The threat to bar Rusal from international markets, issued as part of a tirade against the company’s former president Oleg Deripaska, certainly hit home. As a major supplier of both aluminium and alumina for the European market, the sanctions are threatening smelters closures across the EU, causing prices to soar on the London Metal Exchange.
Given that global alumina supply – required for making aluminium – is already being squeezed by the shutdown of one of the world’s biggest smelters in Brazil, the sanctions are adding to a precarious situation. The prospect of shortages already sent the aluminium supply chain into a tailspin, and European policy-makers have scrambled frantically since April to find a solution to the problem.

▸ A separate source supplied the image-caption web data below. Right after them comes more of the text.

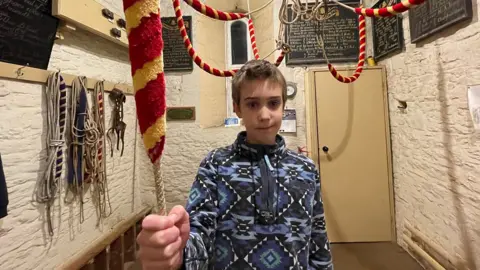 Boy smiles while holding bell-ringing cord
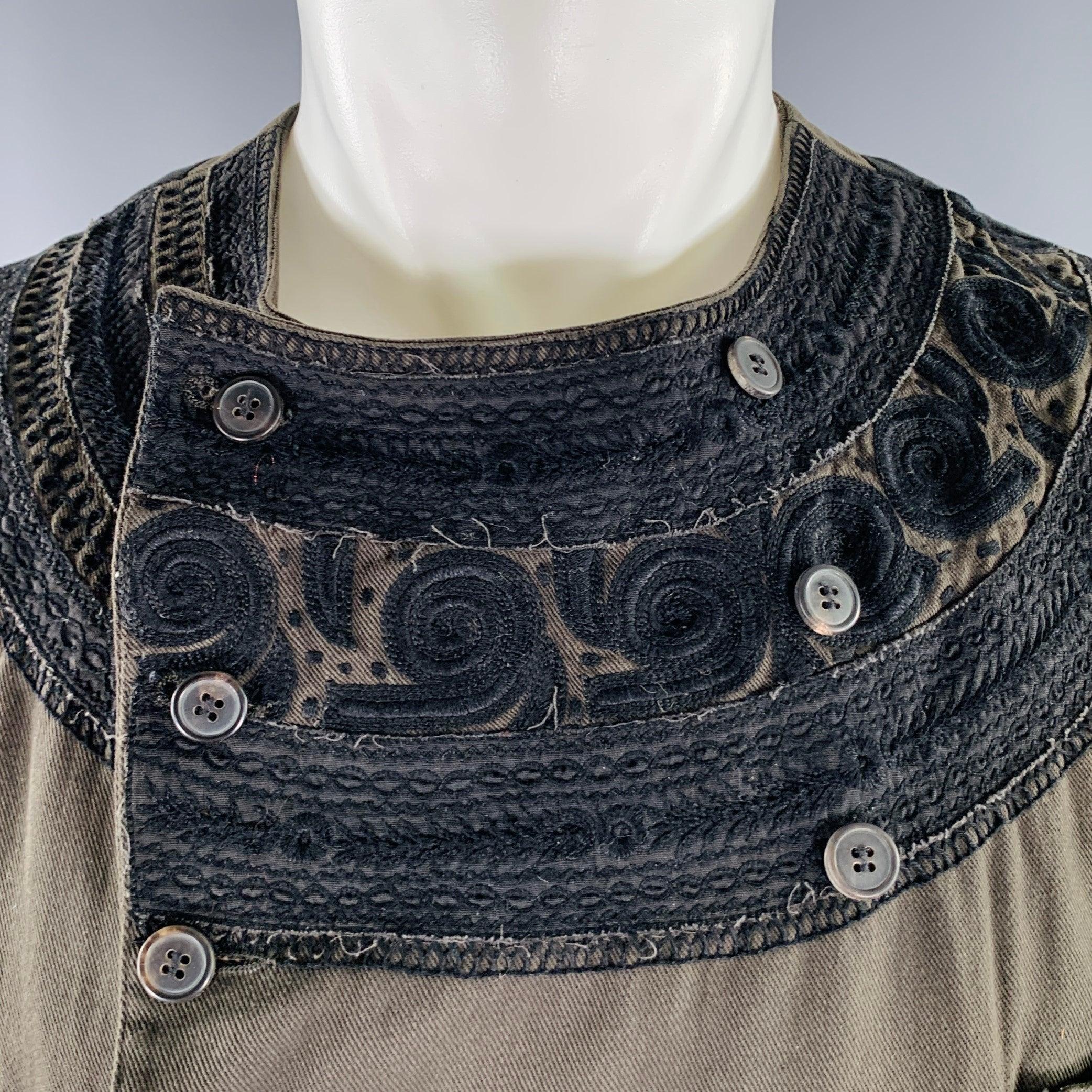 DRIES VAN NOTEN vest
in a dark green cotton blend fabric featuring black embroidery details on collar and pocket trims, double breasted style, and button closure. Made in Belgium.Excellent Pre-Owned Condition. 

Marked:   IT 50 

Measurements: 
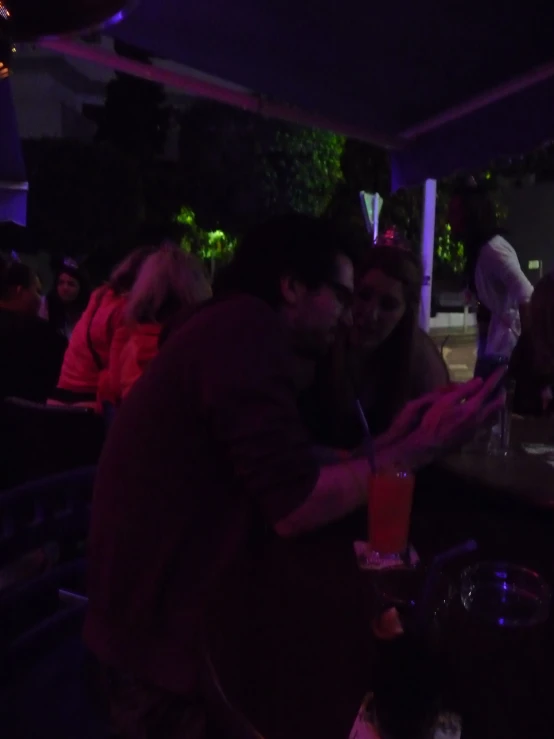 a man and woman standing by each other in a dimly lit area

Fearing potentially catastrophic impacts for European downstream industries – mostly consisting of small- and medium-sized companies contributing to numerous major sectors like car manufacturing – industry associations have warned of market shocks and the difficulties in finding new suppliers. The EU’s leaders, including Germany’s Merkel and France’s Macron, subsequently rushed to Washington to secure exemptions for their businesses in dealing with Rusal, but their concerns fell on deaf ears.
As a result, the fact that the EU would find willing allies in Russia and China, both themselves subject to sanctions and hawkish tariffs from Trump, during the UN meeting is not surprising. By weaponizing the greenback and adopting a consistently confrontational tone, Trump has successfully driven these disparate powers to unite against him.
US Policy Backfires
China reacted to American trade policies by proposing in July a trade alliance with the EU against Washington. Meanwhile Germany, Europe’s biggest economy, has refused to drop the NordStream 2 pipeline it is building with Russia. Trump dedicated part of his UN speech to the issue, warning Berlin against Russian “extortion and intimidation.” Reports suggest he even demanded an end to the project as a condition for foregoing punitive steel and aluminium tariffs on the EU. But Berlin has refused to backtrack, despite its frequent squabbles with Moscow: as economy minister Peter Altmaier pointedly told Trump, just as America protects its own interests, so will Europe.
Far from advancing American interests, Trump is therefore actively damaging the country’s international standing. His blunderbuss excuse for diplomacy has hurt allies and strengthened rivals, isolating the US and heralding the downfall of the dollar-based financial system. The reaction is understandable: if the international community wants to minimize sanctions and tariff fallout, establishing a new system circumventing the dollar may well be the only choice.